はじめに、CSRの概要から解説します。CSRとはCorporate Social Responsibilityの略語で、企業の社会的責任のことです。企業には、さまざまなステークホルダーが存在します。経営陣、従業員、投資家、取引先、環境などが挙げられ、これらに対して適切な意思決定を行うことがCSRの概要になります。

しかし、均質化されたCSRというものは存在せず、あくまで企業ごとにCSRは異なります。それは、働いている従業員や経営陣は異なりますし、それらを取り巻く環境も異なるためです。各企業がそれぞれのステークホルダーや課題を見つめ直し、あくまで固有のCSRを作り上げていきます。
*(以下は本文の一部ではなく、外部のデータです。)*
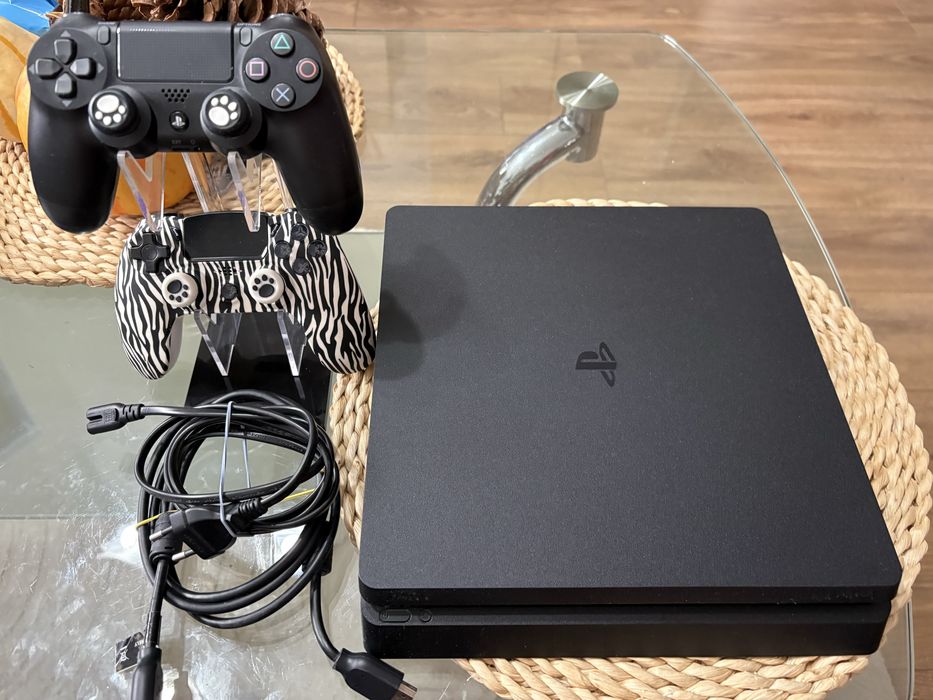 Ps4 slim 500gb cuh- 2216a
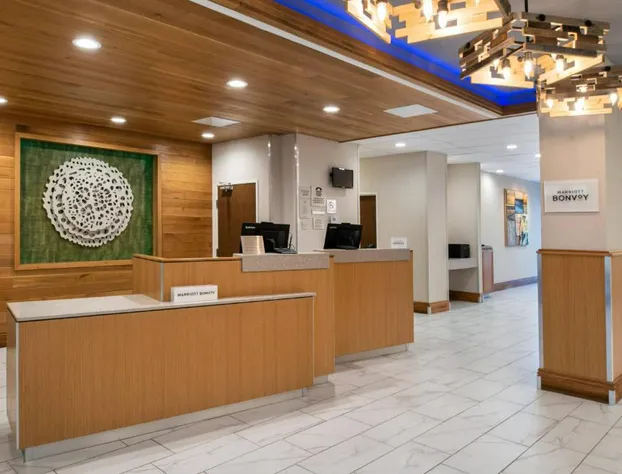 Fairfield Inn & Suites by Marriott Bakersfield Central hotel detail image 1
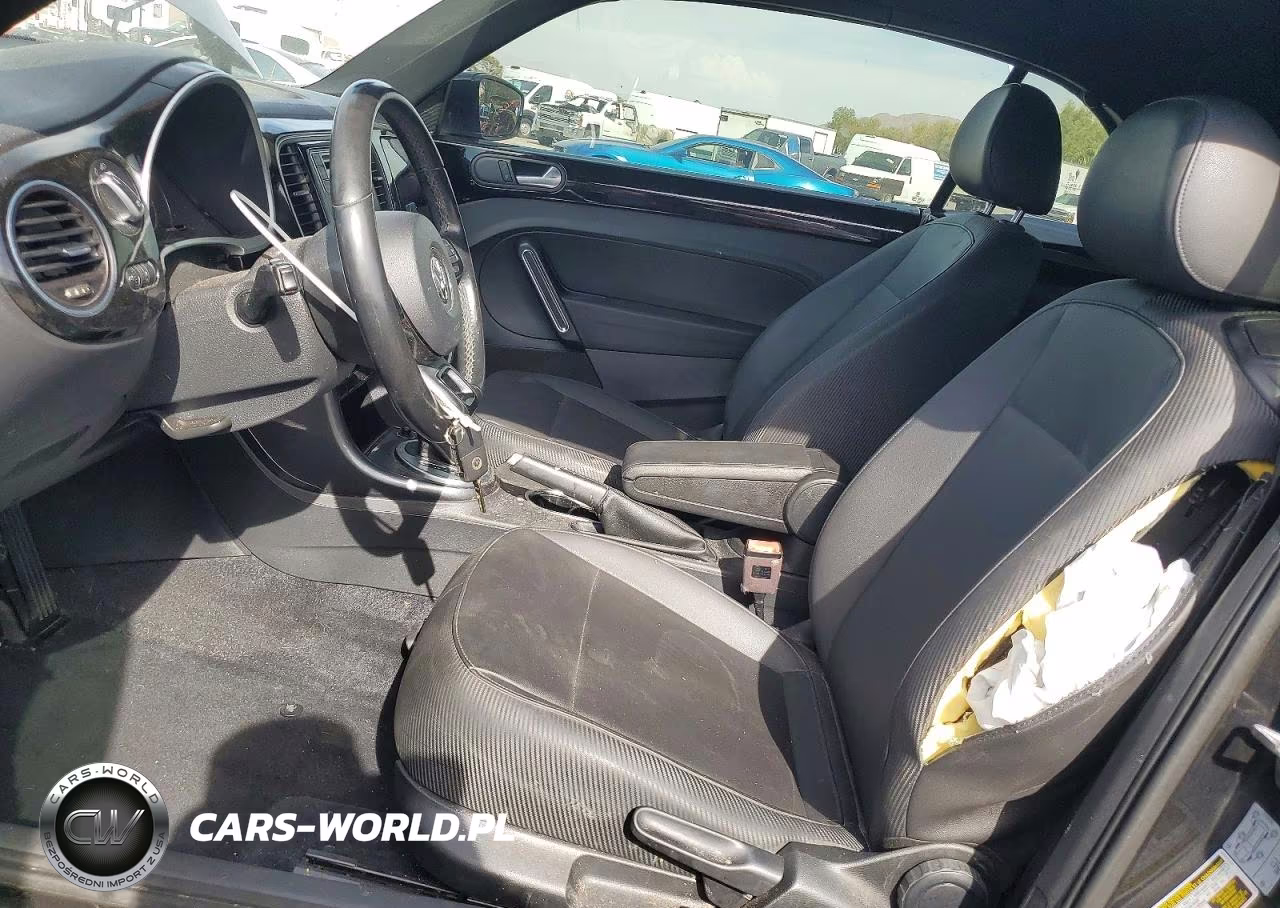 2018 Volkswagen Beetle S VIN:3VW5DAAT5JM503981 - 7
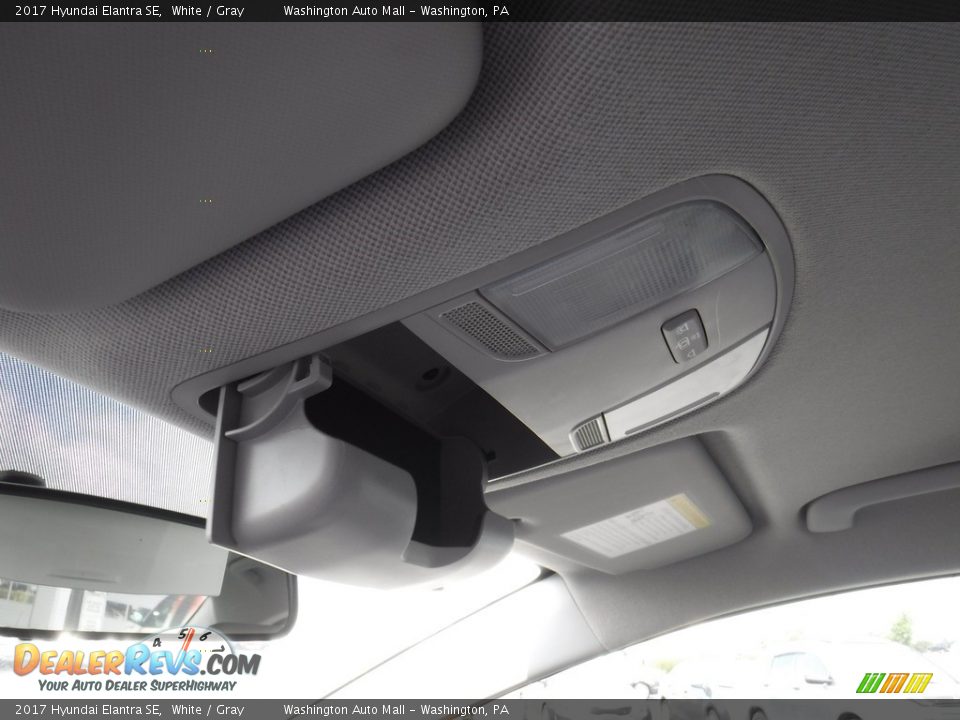 2017 Hyundai Elantra SE White / Gray Photo #19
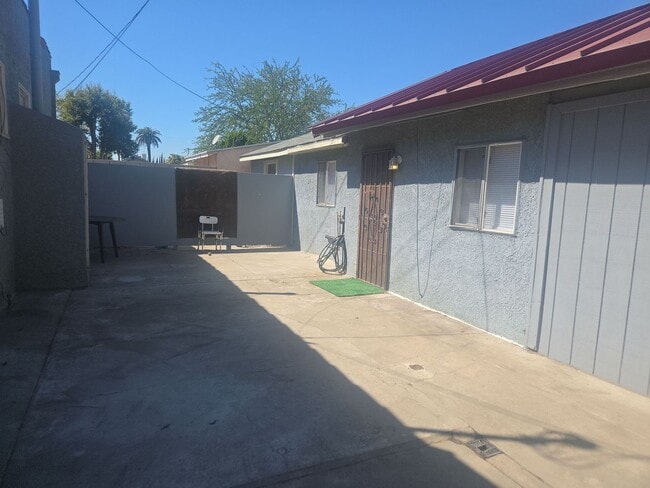 Building Photo - READY TO MOVE IN- MUST SEE - TWO CAR OFF STREET PARKING SPOTS AND UTILITIES PAID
CSRという考え方は2000年以降に広まってきており、今では多くの企業が関心を寄せています。なかには、CSRレポートという形で発信を行う企業も存在します。CSR活動を行うことで、取引先からの見られ方が変わったり、それによって取引関係が良質化する可能性があるため、多くの企業が取り組むべきだと言えるでしょう。

CSRはなぜ広がった?

先ほど、2000年以降にCSRは広がり始めたと解説しましたが、そもそもなぜCSRという考え方が広まったのでしょうか。これについては諸説あるものの、最も多く言われている理由としては、企業の不正行為や活動が増えてしまったことが挙げられます。

理解しやすい例を挙げると、食品会社が消費期限を偽造して販売したり、原産国を偽造するなどの不正行為です。これにより、消費者からの不満が必然的に大きくなってしまうため、企業からすれば、いかに自社の信頼性を伝えられるかが鍵となります。その取り組みの1つとして、CSR活動が存在するということです。

ここでは食品会社の例を出しましたが、他の業種・業態でも同じことが言えます。取引先やステークホルダーからすれば、CSR活動をして信頼性を高めている企業のほうが魅力的に見えるため、それがあらゆる面での競争力につながっていきます。